Yes, this is a lot, but it has nothing to do with Perl. This is due to Unicode. This Perl allows you to access these things when you are working with Unicode, not a bug, but a function. The fact that these other languages ββdo not allow you to get full access to Unicode can in no way be interpreted as a point in their favor: rather, these are all the main mistakes with the highest possible seriousness, because if you cannot work with Unicode in the 21st century , then this language is primitive, broken and fundamentally useless for the demanding requirements of modern text processing.
Perl is not. And simpler than simpler than in other languages, it's easier to do in Perl. in most of them you canβt even start working on your design flaws. You are just screwed. If the language does not provide full Unicode support, it is not suitable for this century; discard him.
Perl makes Unicode infinitely simpler than languages ββthat prevent Unicode from being used properly.
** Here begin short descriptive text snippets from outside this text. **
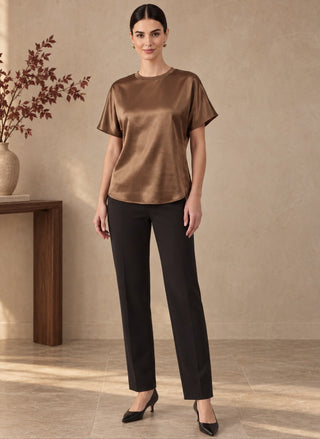 A woman stands in a styled indoor setting wearing a short-sleeve satin-like top in a warm taupe-brown color, paired with black straight-leg pants and black pointed heels.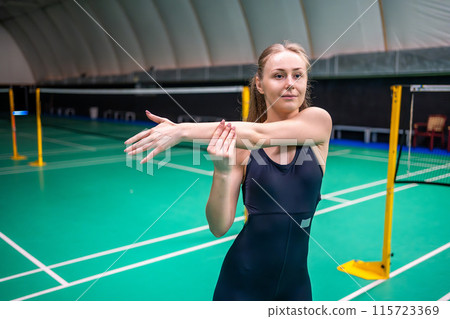 Sports young woman with racket and shuttlecock is exercising, doing warm-up before playing in badminton on inside court 115723369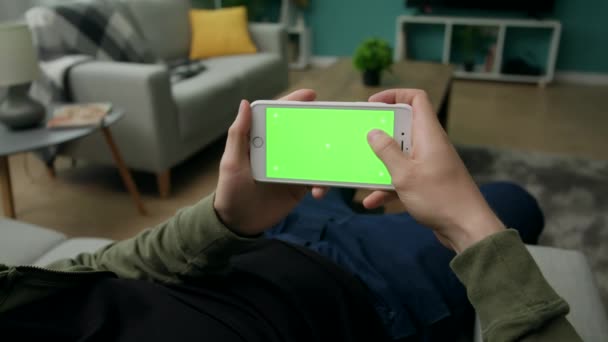 Man hemma Sitng på en soffa med smartphone med grön mock-up skärm — Stockvideo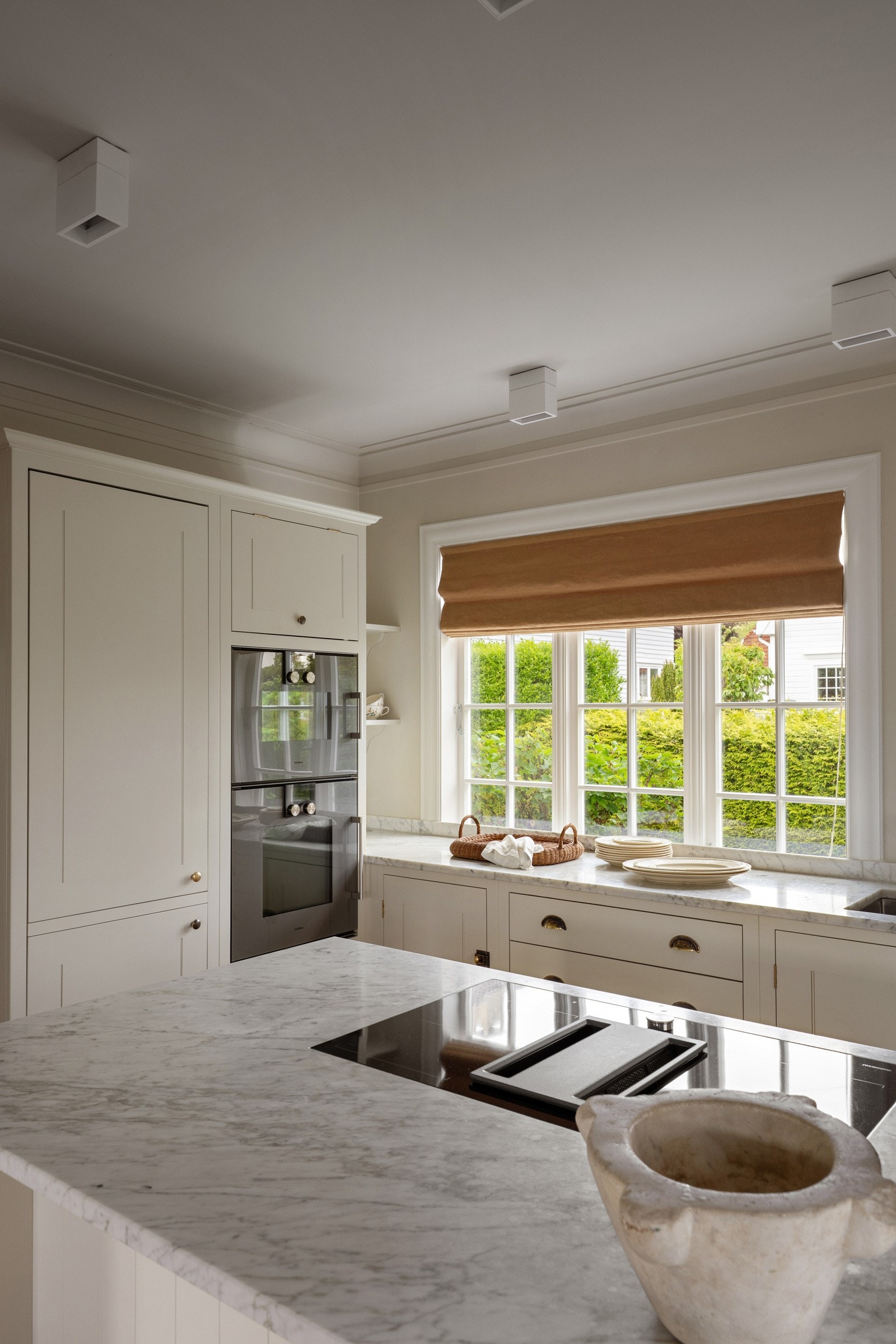 Innredningen fra British Standard, by Plain English Design har lyse, profilerte fronter og lys, mattslipt benkeplate i Carrera marmor med underlimt stålkum. Galleribilde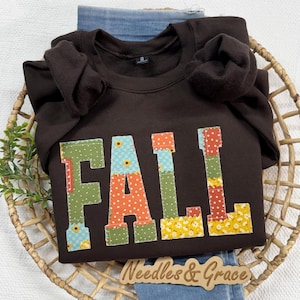 May include: A dark brown crewneck sweatshirt featuring the word FALL in large, block-style letters. Each letter is filled with a different colorful fabric pattern, including green, orange, and yellow floral and polka dot prints on a dark background.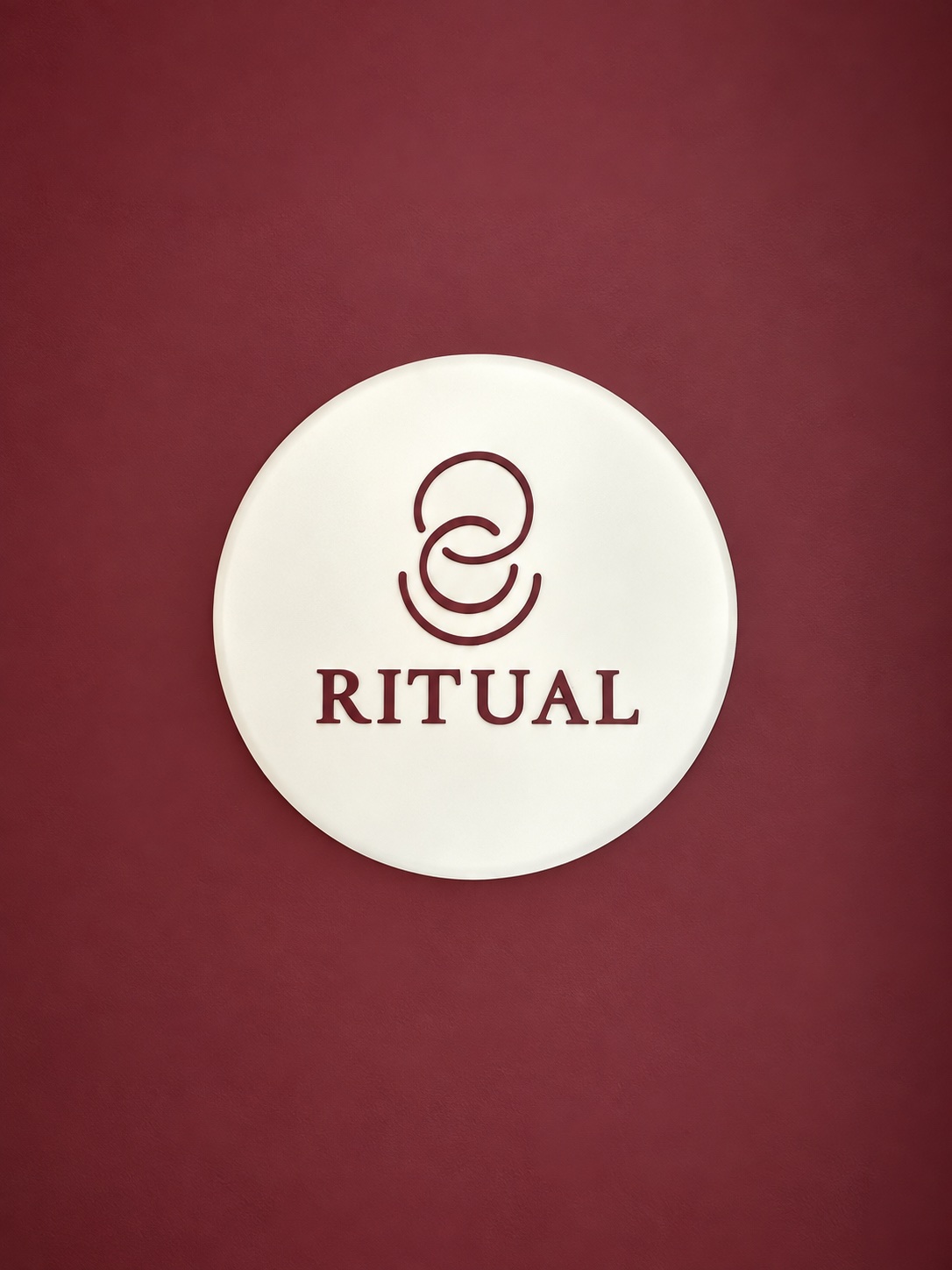 RITUAL's circular logo sign on the café's burgundy wall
In this answer, you will find on the first page Seven simple steps for working with Unicode in Perl and at the bottom of the same answer you will find some code templates that will help. Understand this, then use it. Do not accept the violation. You need to learn Unicode before you can use Unicode.
And that is why there is no easy answer. Perl simplifies Unicode, provided that you understand what Unicode is. And if you are dealing with external sources, you need to organize some kind of encoding for this source.
Also read everything I said about πΈπ€π€π¦ππ πΉπ£π ππππππ€π€. This is what you really need to understand. Another breakdown problem that drops out of Rule # 49 is that Javascript is corrupted because it does not handle all valid Unicode code points in exactly the same way, regardless of their plane. Javascript is broken in almost all other ways. This is not suitable for Unicode. Just Rule # 34 will kill you, since you cannot get Javascript to follow the standard that things like \w are defined in Unicode regexes .
It's amazing how many languages ββare completely useless for Unicode. But Perl is most definitely not one of them!